Verificata la performance di Clean Sky 2


Airbus Helicopters, Marignane, France, has achieved an important milestone in the development of the high-speed, compound helicopter demonstrator currently being built as part of the LifeRCraft Compound Rotorcraft Clean Sky 2 European research program. A mockup of the vertical takeoff and landing (VTOL) airframe design has now undergone windtunnel testing in an Airbus facility. The tests proved the viability of the chosen design’s efficiency, sustainability and performance, paving the way for a preliminary design review at the end of 2016. The overall project, meanwhile, has passed its first official milestone by reaching the end of its pre-design phase.
Building upon the achievements of Airbus Helicopters’ record-breaking X3 technology demonstrator, the Clean Sky-demonstrator will help refine the “compound” configuration and bring it closer to an operational design, aimed to meet future requirements for increased speed and better cost-efficiency, plus dramatic reductions in emissions and acoustic footprint. Flight-testing of the prototype is expected to start in 2019.
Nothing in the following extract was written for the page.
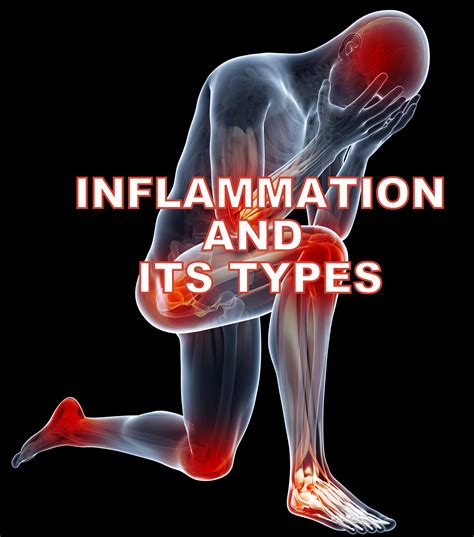 Inflammation- Definition, Causes and Types of Inflammation | Simplynotes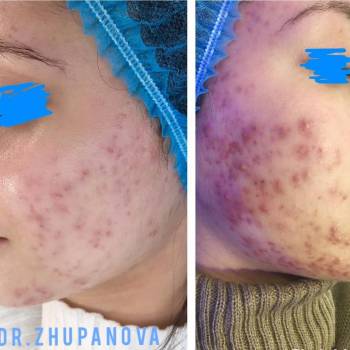 Жупанова Людмила , Винница Фото - 9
According to a stakeholder presentation in March 2015, development of the Clean Sky technology demonstrator is split between various Airbus Helicopters sites, with Donauwörth, Germany in charge of the main fuselage and wings, the Le Bourget, France blade facility handling main and lateral rotors, and the tail boom and its control surfaces prepared by its factory in Albacete, Spain. Overall project management, integration and ground- and flight-test activities will be carried out at the company’s headquarters. This same source indicated the fuselage should be made from advanced composites or a metallic/composite hybrid, with research contributed by Romania’s INCAS aerospace research agency (Bucharest).
According to a 2014 Airbus Helicopters presentation on the Clean Sky 2 LifeRCraft Compound Rotorcraft program, Airbus Helicopters has led the work package for design and manufacturing of an advanced wing structure for rotorcraft additional lift. That program also features a work package titled: Wing and Tail Unit Components Multifunctional Design and Manufacturing (including Out of Autoclave composites). LifeRCraft Compound Rotorcraft Airframe development was scheduled to start in Jan. 2015 and be completed in 5.5 years with critical design review at the end of 2016.
Airbus Helicopters has used composites in its rotorcraft for decades and reports it has tested natural flax fibers in hybrid composite materials on the X3 as part of environment and product life cycle improvements. With its partners, it is also assessing and developing solutions for recycling materials used to build current and future helicopters.
“We are honored to be carrying out this project on behalf of the Clean Sky Joint Undertaking and the large number of European companies who are taking part in the development. Our ambition is to become the benchmark of the rotorcraft industry, and as such we are willing to drive a bold vision for the future of helicopter transportation, said Jean-Brice Dumont, Airbus Helicopters Chief Technical Officer. “Our Clean Sky 2-demonstrator will not only be about going faster; it will help make speed smarter by seeking the best trade-off between cost-efficiency, sustainability and mission performance. We want to break the cost barrier usually associated with increased speed and range and pave the way for new missions for 2030 and beyond, by providing crucial emergency or door-to-door transportation services to European citizens where they need it most.”
Ron Van Manen, Clean Sky 2 Program Manager, highlighted that “The LifeRCraft Demonstrator project in Clean Sky 2 will pull together capabilities from across the European Research Area, addressing technology gaps in systems, structures and overall design and demonstrating the viability of a compound rotorcraft design that will strengthen Europe’s already formidable competitive position in the vertical lift aviation sector.”